Birinci hata, maça Semih ile başlamak oldu. Semih hem fiziken diri değil, hem de hızlı Bursaspor stoperleri arasında yavaşlığı ile kayboldu. Aldığı topları ezdi. Gerçekten de çok kötü bir maç oynadı. Burada Semih yerine Sow ile tek forvet başlanıp, patlayıcı kuvveti, sürati ve etkili ortaları olan Caner solda tercih edilse idi, maç daha ilk yarıda kopabilirdi. Hocanın ikinci hatası ise, haftalardır oyunun defansif tarafında hiç bir iş yapmayan, ortalama 9.000 metre koşu istatistiği ile adeta sahada yürüyen, Alex’ in pozisyonunda onun hücum üretkenliğini de sergileyemeyen Cristian’ da ısrar etmek.

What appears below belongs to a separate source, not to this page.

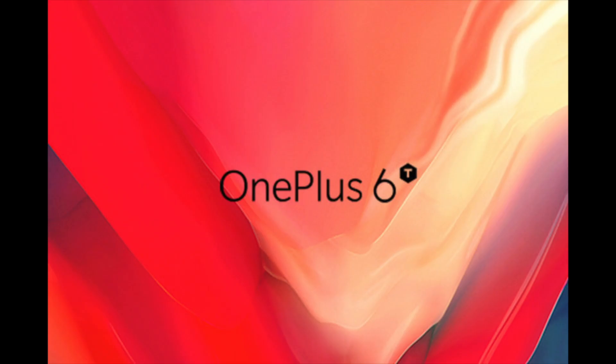Hey guys, welcome back to my channel. One of the most interesting smartphones to launch this year will be the OnePlus 6T or OnePlus 7. The name will be confirmed with time, but we have some early rumor mills working on it. So stay tuned to find out more.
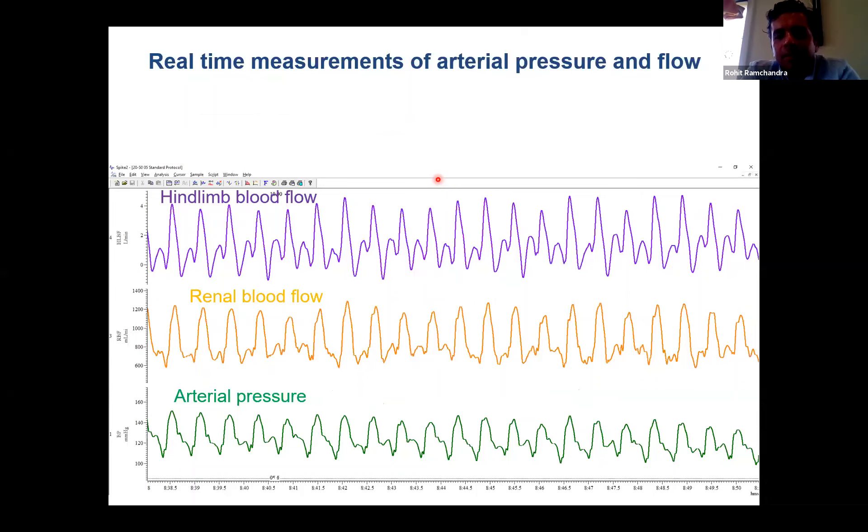In another example, we've implanted an arterial pressure probe and are simultaneously measuring blood flow to the renal arteries as well as hindlimb blood flow. This flow probe is attached in the distal aorta, just post the renal artery, and effectively all the blood flow from there is going through the mesenteric to skeletal muscle — allowing you to look at skeletal muscle blood flow as well as renal blood flow and changes that might occur with different paradigms. Just to highlight that blood flow is this incredibly useful measure that you can measure in a whole host of organs depending on the experimental paradigm.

Bu Cristian ile Fenerbahçe, her maçta 10 kişi mücadele ediyor. Cristian’ ın yetenekleri, uzaktan şutları veya pozisyon sezgisi iyi olabilir, ancak son bir kaç haftadır, hatta sezon başından beri Cristian eski Cristian değil. Aykut Kocaman’ ın Cristian yerine maçlara ön liberoda Mehmet Topal- Meireles ile başlayıp, Emre’ yi hücuma dönük orta saha olarak kullanması daha isabetli olacaktır. Salih’ de yine diğer bir alternatiftir. Cristian’ ı maç içinde toplu ve topsuz oyunlarına dikkat ederek, özel olarak izleyenler dediklerimizi net bir şekilde göreceklerdir.

 

Fenerbahçe 3 puanı aldı ve liderle arasındaki puan farkı 4’ e indi. Bu ne demek? Lig yeniden başladı. Artık önümüzdeki 9 hafta kıran kırana bir mücadeleye sahne olacak. Sistemini oturtan ve istikrarlı şekilde kayıpsız ilerleyen, bir adım önde olacaktır. 4 puan kapanmayacak bir fark değil.

 

http://twitter.com/bertankaya

 
Toplam blog
: 575
: 567
Kayıt tarihi
: 10.05.07
 
 

İlgi alanları ekonomi, para politikası, siyaset, edebiyat, futbol, Türk ve Ortadoğu Tarihi, AB ve..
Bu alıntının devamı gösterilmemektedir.